Other Houston Considerations: Deshaun Watson, QB
If Will Fuller V was healthy, Watson would be a much stronger consideration, with a real shot at 50-70 points in a two-game scenario and 80-100 in a three-game scenario, with an outside shot at playing four games. Perhaps Fuller will surprise us by playing at top form and staying healthy, even outscoring Hopkins, but I’m not staking my entry on that possibility.
Travis Kelce, KC
One of the easiest choices in the contest because of the tight end premium aspect and his consistency. There’s an argument for George Kittle if you think San Francisco will play more games than Kansas City, but the two flex structure of the contest makes that moot.
It won’t be surprising to see Andrews or Cook outscore Kelce with the potential for Cook to play four games and Andrews being Jackson's top option, but if the Saints play four games or Ravens play three, it’s probable that other options will be more valuable to a lineup than the tight ends. Andrews also has some injury worries and Cook’s lower target share and inconsistency make him riskier.
They are all viable choices. Kelce provides the best bang for your buck among the Chiefs quartet because of the tight end premium.
Kittle is a slam dunk flex or tight end choice. He should have among the highest ownership of any player in the contest. Lockett is my shot at the low-owned player who posts top points at his position. This can come via his high weekly ceiling intersecting with a matchup against the Eagles secondary to open, and via a three- or four-game run if the Seahawks can dispose of the Eagles and then win at San Francisco like they did earlier this year.
Other Flex Considerations: Any Bills, Patriots, Vikings, or Eagles player.
The problem is that these are not potent offenses and some of the best names aren’t healthy. That rules out Dalvin Cook, Zach Ertz, and Julian Edelman. John Brown and Cole Beasley have high ceilings against the Texans, and they are viable choices for a potential low-owned flex that can post 40-50 points if the Bills can win at Houston. Dallas Goedert or Boston Scott could hit if the Eagles upset the Seahawks.
It won’t be shocking to see Metcalf outscore Lockett, but he doesn’t have Lockett’s sky-high weekly ceiling. Wilson may outscore all of the quarterbacks and be the right call if the Seahawks play four games, but in that scenario, Lockett should also be a top-scoring receiver.

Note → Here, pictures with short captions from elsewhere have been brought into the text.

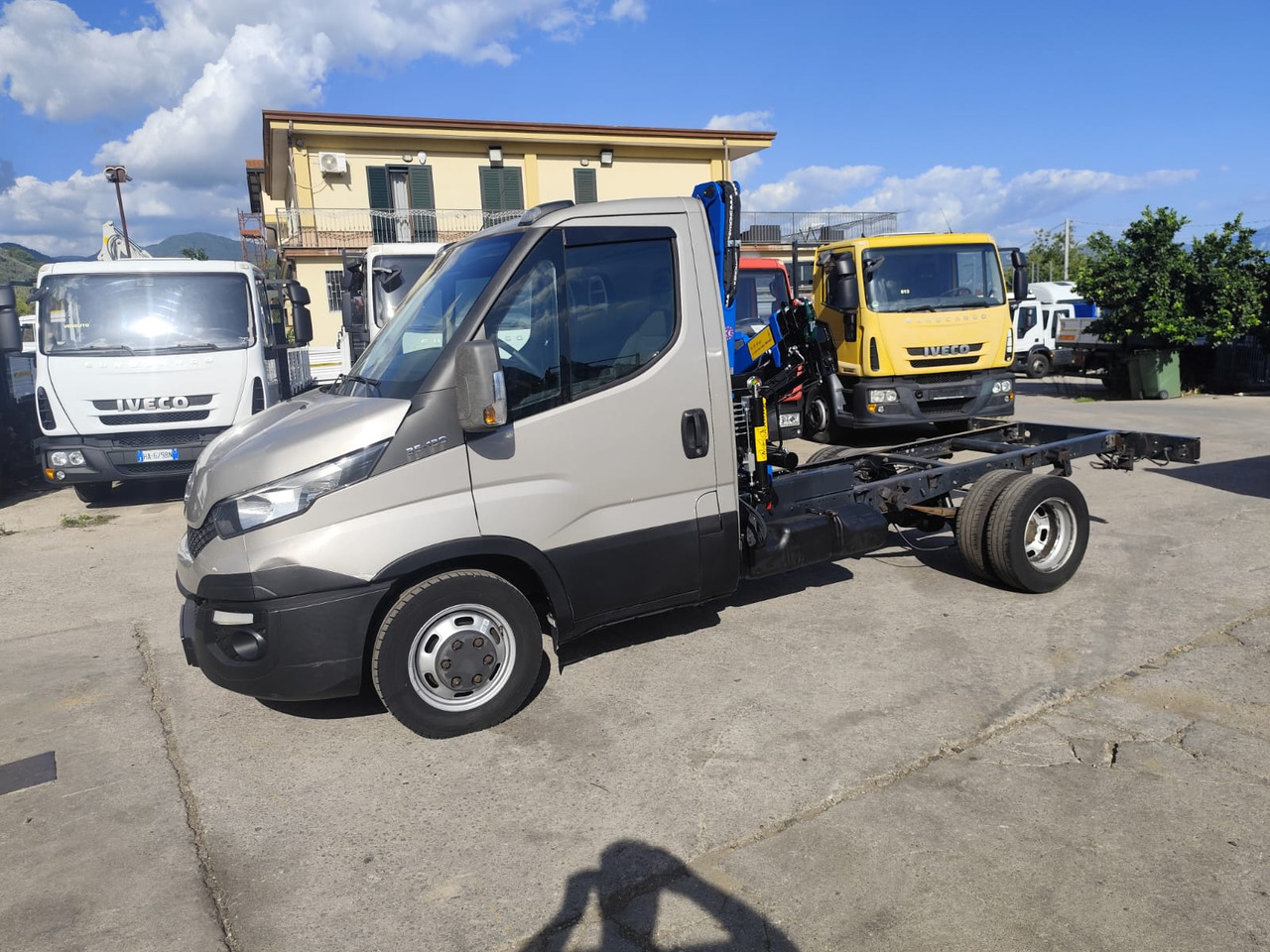 IVECO DAILY 35-130 - Малотоннажный самосвал: фото 3 IVECO DAILY 35-130 - Малотоннажный самосвал: фото 3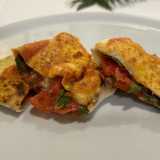 La sckattata venne inventata negli anni 40 da Domenico Ficarella, capostipite di tutti i pizzaioli baresi. Servita come antipasto � una sorta di calzone preparato con lo stesso impasto della pizza chiuso alle estremit� e riempito di pomodoro, rucola e soprattutto ricotta forte
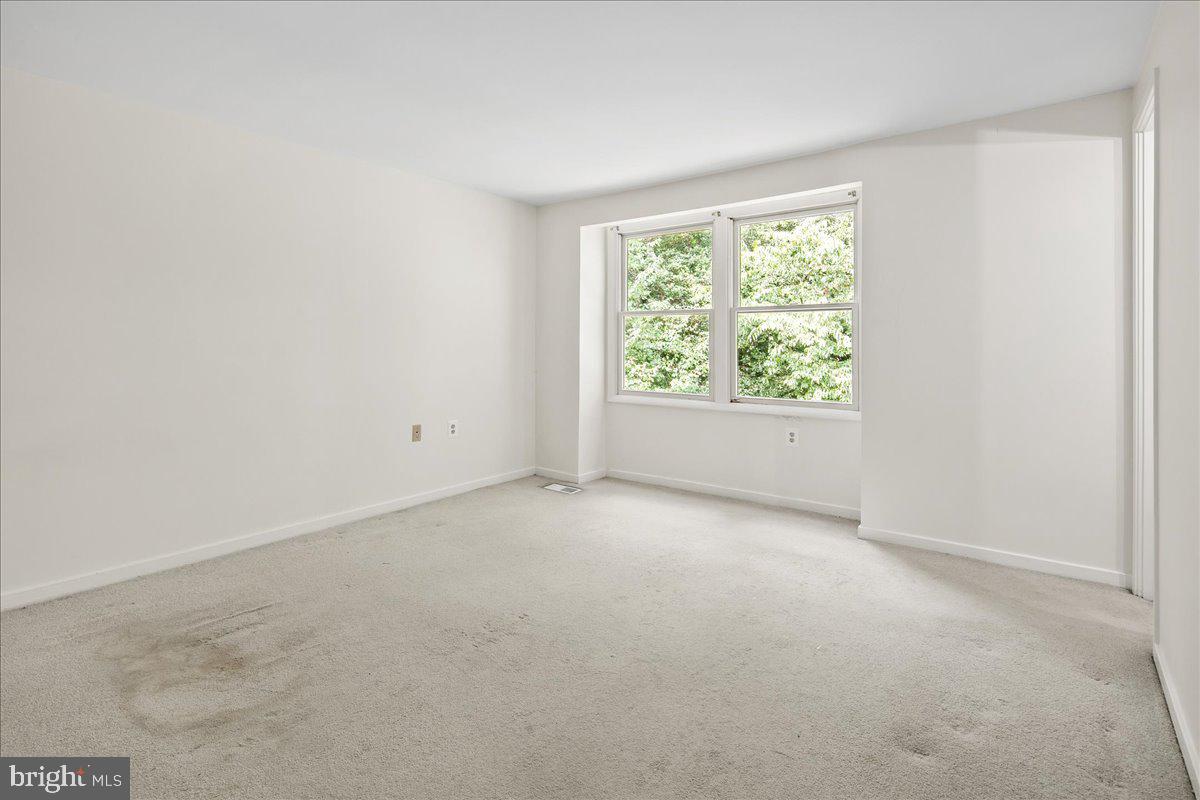 2755 VIKING DR, HERNDON, Virginia 20171, 4 Bedrooms Bedrooms, ,2 BathroomsBathrooms,Residential,For sale,2755 VIKING DR,VAFX2264320 MLS # VAFX2264320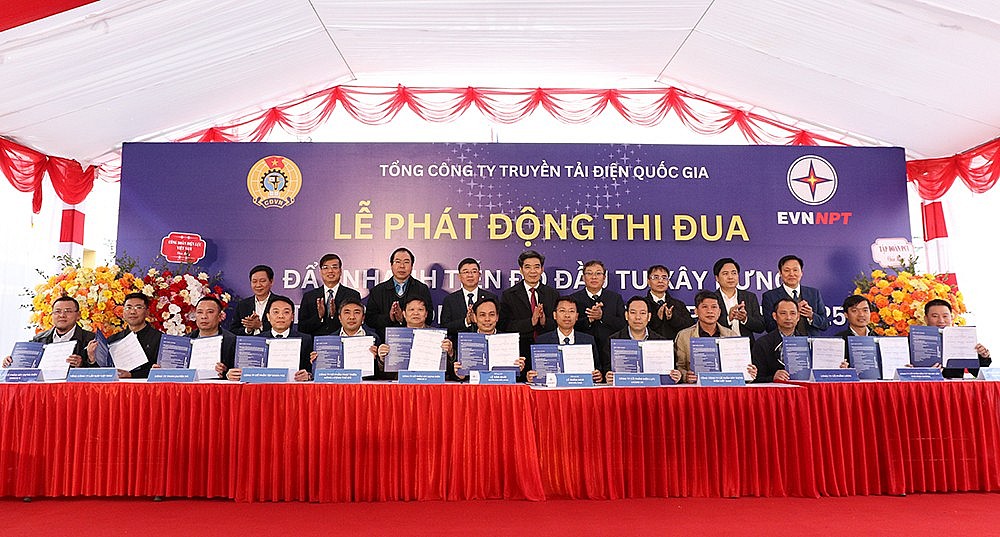 EVNNPT thi đua đưa 3 dự án trọng điểm về đích trong năm 2025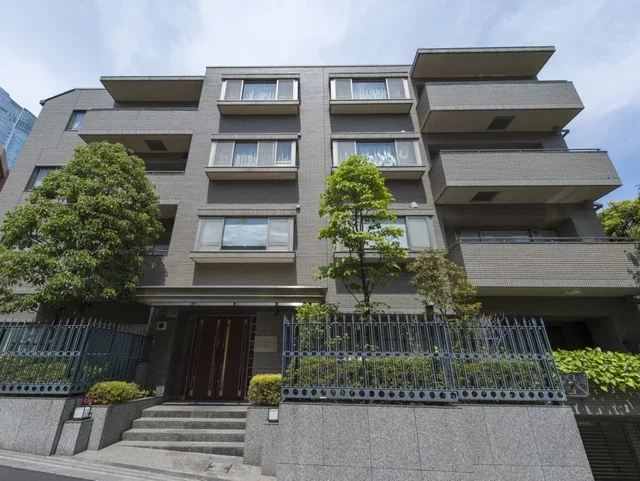 エル・コモド元麻布外観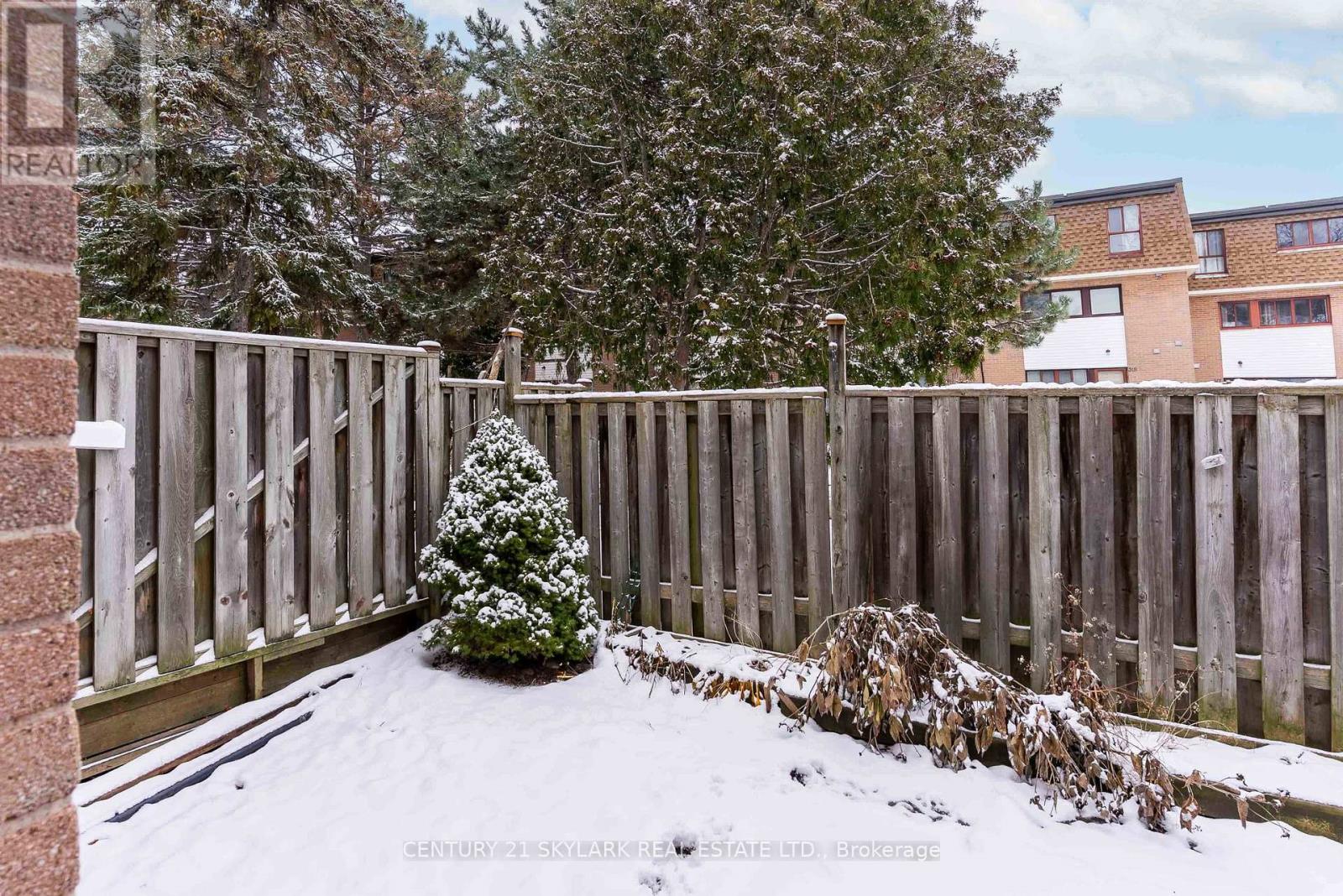 235 Fleetwood Crescent, Brampton, Ontario  L6T 2E7 - Photo 35 - W12605656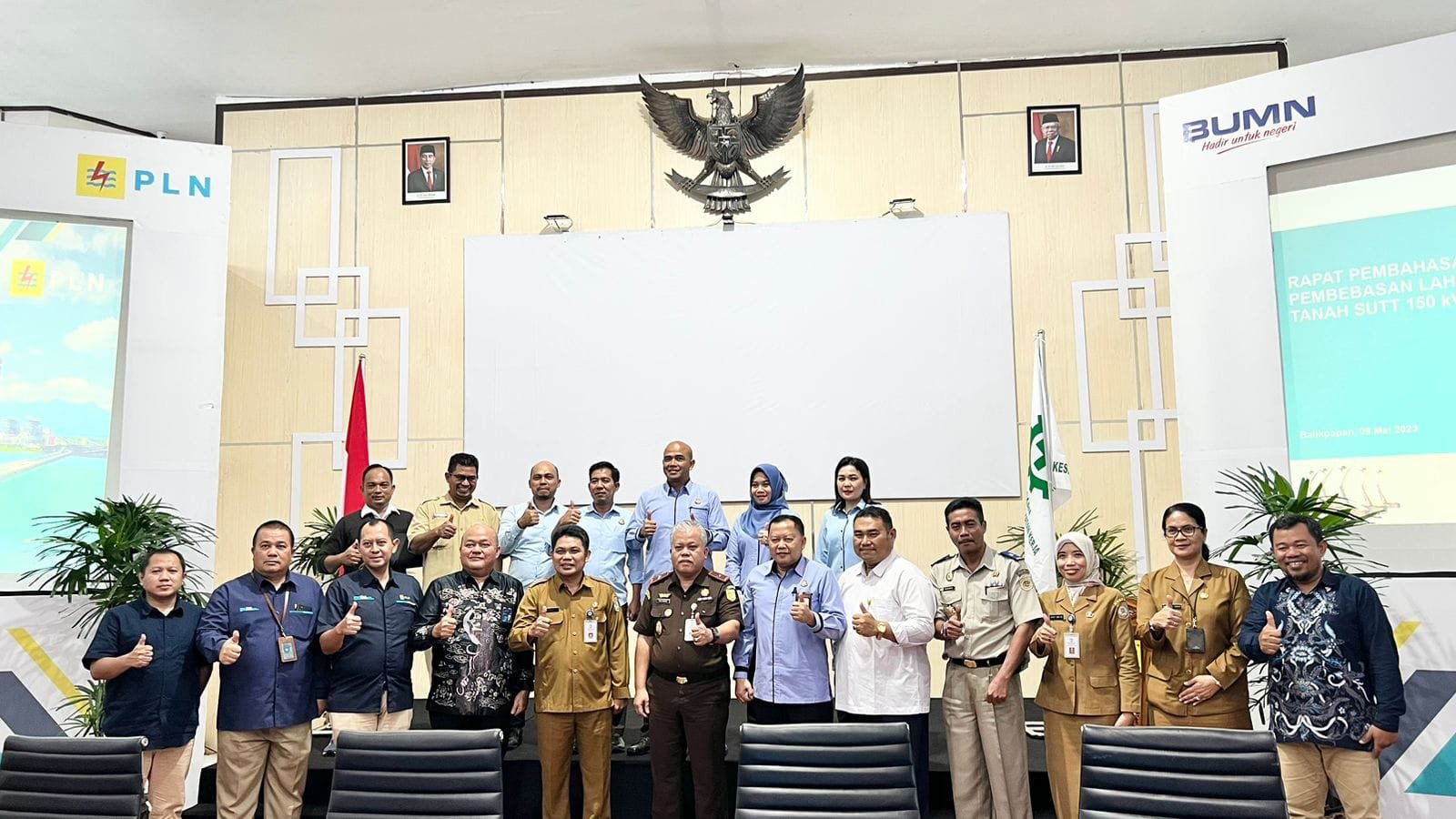 Pemkot Balikpapan terbitkan Penlok SUTT 150 kV Kariangau - GIS 4 IKN, PLN UIP KLT kebut Pembangunan Infrastruktur Ketenagalistrikan untuk IKN PROKALTIM 2 Pemkot Balikpapan terbitkan Penlok SUTT 150 kV Kariangau - GIS 4 IKN, PLN UIP KLT kebut Pembangunan Infrastruktur Ketenagalistrikan untuk IKN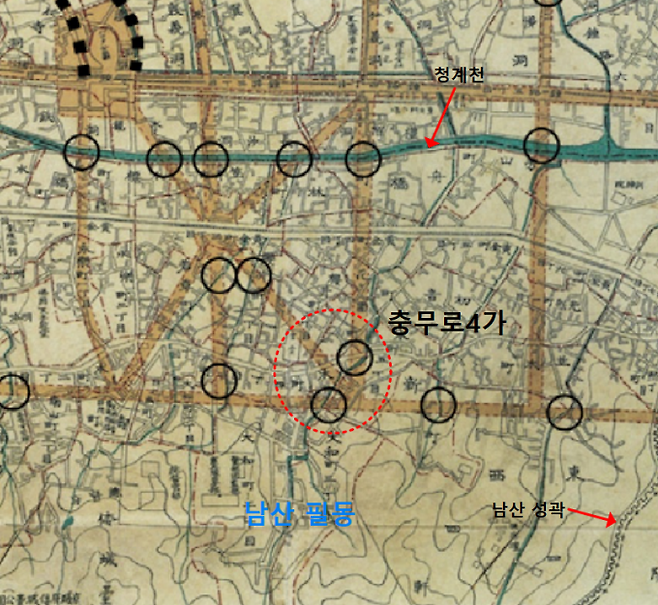 일제강점기 지도로 본 석주명 사망 추정 지점. 남산 필동 계곡에서 내려온 물이 개천을 이룬다. 붉은 점선 안이 개천과 사망 지점 충무로 4가이다. 현재 개천은 복개되어 인쇄골목이 됐다.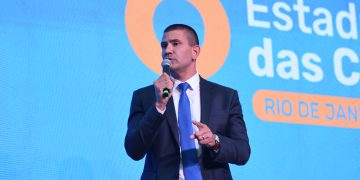 Deputado Douglas Ruas anuncia pré-candidatura ao governo do Rio e defende eleição direta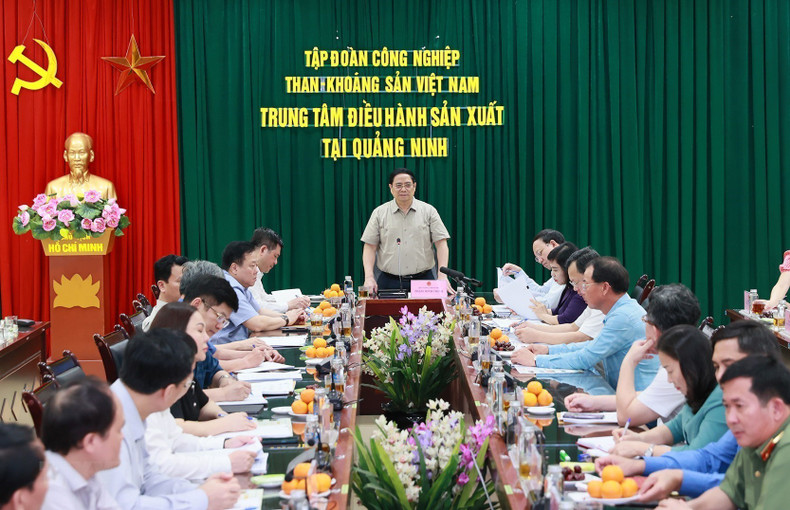 El primer ministro vietnamita, Pham Minh Chinh, se reunió con los dirigentes del Grupo de Industria de Carbón y Minería de Vietnam. El primer ministro vietnamita, Pham Minh Chinh, se reunió con los dirigentes del Grupo de Industria de Carbón y Minería de Vietnam.
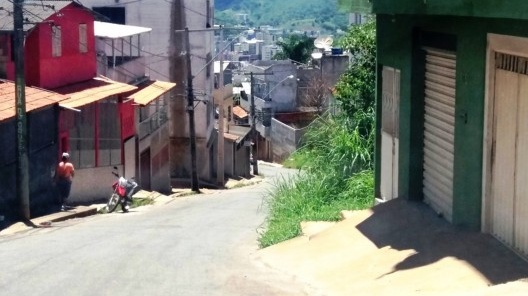 Expansão desordenada da cidade, refletida na construção de casas em vias estreitas e com morros em Viçosa MG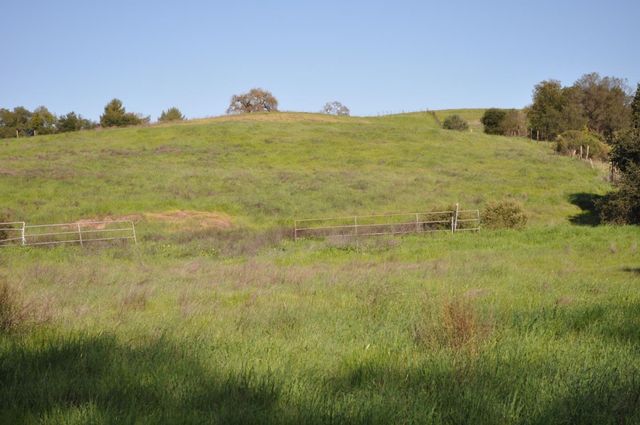20300 Almaden Road, San Jose, CA 95120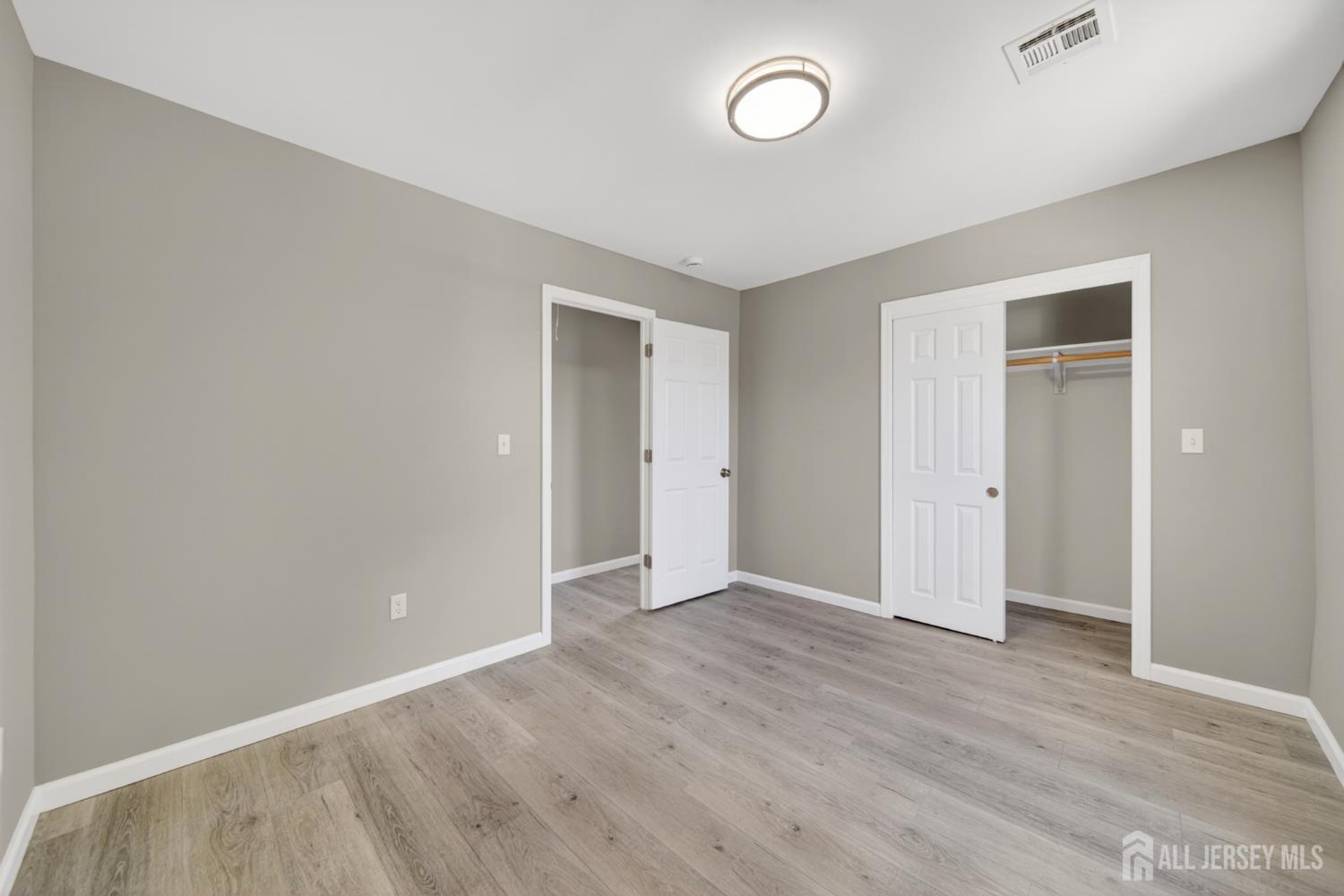 103 Minna Avenue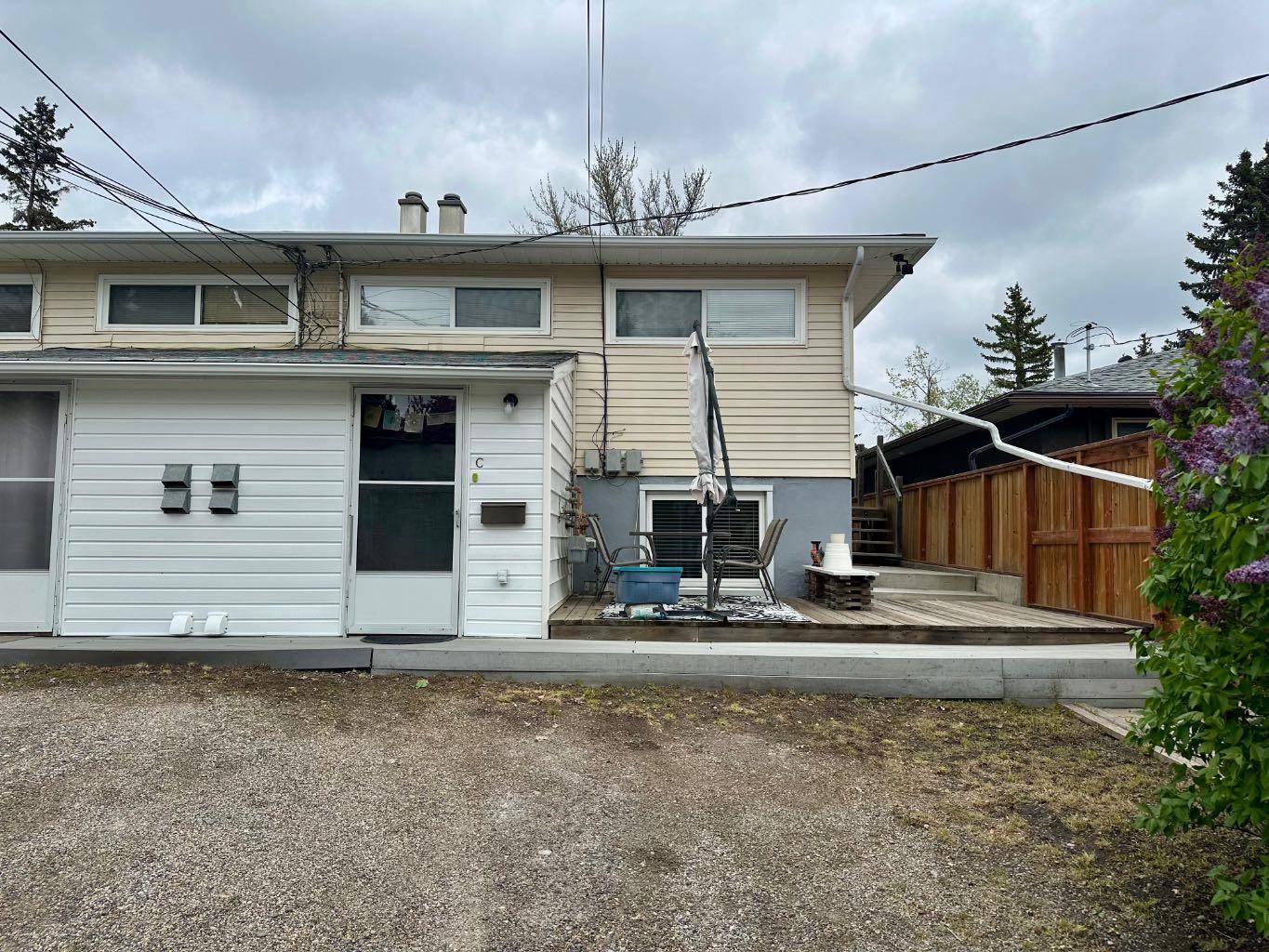 Calgary, AB T2K 0B1,919 32 AVE Northwest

Mostert has been consistent and running back is a tough position to choose, but Mostert’s low volume introduces more risk than Kittle’s high ceiling outlook in a tight end premium league. Samuel has been playing well but the tight end premium gives Kittle the edge.
Steve Hauschka, BUF
Other K Considerations: Nick Folk, NE, Jake Elliott, PHI, Dan Bailey, MIN
At this point, we are playing the kicker with the most expected games from the teams that haven’t been used in your core eight offensive players. The Bills and Patriots top that list but the Patriots have more potential as a fantasy D/ST. The Eagles and Vikings are our teams that will be left out of our lineup.
The fantasy defense all season might be a chalk play, but if the Patriots make a run, it will likely be on the back of their defense, not their offense.
Other D/ST Considerations: Philadelphia, Minnesota
These are the only other teams left without a player chosen. Both D/ST’s are wild card underdogs. Neither defense has been particularly strong for fantasy this year in matchups against good quarterbacks.
Other NE Considerations: Julian Edelman, WR
As discussed above, the Patriots defense has actually been one of their most consistent performers this season. The offense has been anemic and Edelman is coming into the playoffs banged up.
No players chosen
Minnesota: The Vikings are the most likely loser in wild card weekend coming to the Superdome to face a team just as good as the NFC bye teams.
Philadelphia: The Eagles could rally as an underdog yet again, but the Seahawks are just as battle-tested and Philadelphia is one of the most undermanned playoff teams in recent memory.